Bien sûr j’ai eu des difficultés et j’en rencontre encore. Étant donné que je voyage beaucoup je vais dans des cultures où parfois la place de la femme n’est pas toujours valorisée ou pas telle qu’on le souhaiterait. Donc je suis confrontée à des personnes ou des institutions qui vont me traiter différemment mais je ne le vois pas absolument pas comme un obstacle. Qu’on soit une femme ou un homme, dans tous les cas on est entrepreneurs donc on va rencontrer des difficultés.

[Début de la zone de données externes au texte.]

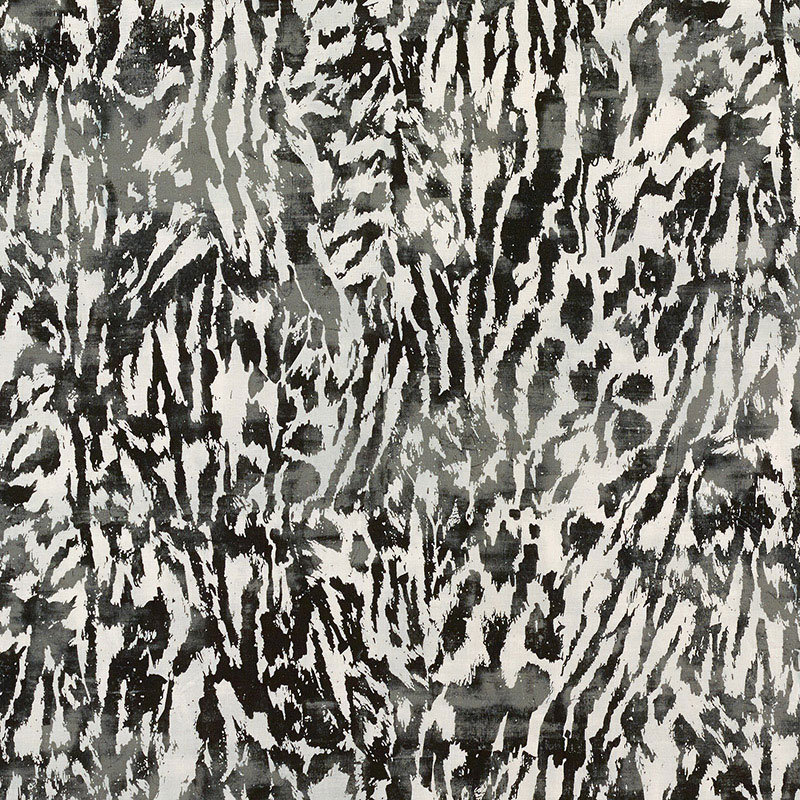 Tissu en lin Schumacher x Celerie Kemble, Obscur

« Des obstacles et des jugements sur notre personne que ce soit notre genre, notre âge, notre origine, notre couleur de peau, on va toujours en avoir. C’est à nous aussi de ne pas laisser des emprises là-dessus et tout de suite rentrer dans les faits et dans l’argumentation. »

Effectivement on peut se sentir diminuées face à certains commentaires mais [personnellement] je ne laisse pas passer ça. Généralement, suivant la manière dont c’est dit, je vais faire une remarque sur fond d’un humour un peu taclant. Il faut répondre parce que si on ne répond pas globalement on cautionne et ça veut dire que cette personne va potentiellement continuer dans cette voie-là. Après c’est aussi terriblement motivant parce que ça donne qu’une envie c’est de montrer de quoi en est capable.

 

Selon vous qu’est-ce qui pourrait être amélioré pour que les femmes soient plus nombreuses à entreprendre ?

C’est une bonne question ! Je pense que ce qu’il y aurait à améliorer c’est déjà informer plus sur l’entrepreneuriat général, sur les aides qui existent, qu’on n’est pas obligés d’entreprendre à temps plein… Comme je disais c’est important de se former tout le temps aussi sur les techniques et comment initier un business parce qu’on peut très vite se tromper même avec toute la volonté du monde et le meilleur projet du monde.

 

Pour finir, si vous aviez un conseil à donner à une jeune fille qui hésite à se lancer dans ce secteur, quel serait-il ?

« De ne pas hésiter. Entreprendre ça peut faire peur et à la fois c’est une fabuleuse expérience parce qu’on apprend beaucoup, parce qu’on va au bout d’une idée. »

C’est aussi y aller parce que finalement on a rien à perdre surtout quand on est jeune, c’est la période de la vie où on a moins de responsabilité. On a moins de coût aussi donc on n’a pas forcément à se charger d’un prêt, des enfants ; on a moins d’attentes. Après il faut le faire de manière réfléchie parce que ce n’est pas non plus un chemin tout rose d’entreprendre. Il y a un certain nombre d’obstacles, ce n’est pas dit que ça réussisse non plus. Il faut être prêt à se dire qu’on va beaucoup travailler et qu’ on va devoir renoncer à certaines choses aussi. On ne va peut-être plus prendre de vacances, de vrais weekends où on coupe vraiment… donc faut être prêt à bosser, à se remettre en question, à avoir des gros moments de doute et à devoir continuer à apprendre.

Si elles sont prêtes à tout ça, si elles ont cette envie d’aller au bout de leurs idées et de tenter une aventure un peu folle c’est parfait. L’aventure en vaut la peine, surtout pour des gens passionnés avec pleins d’idéaux et c’est une superbe aventure.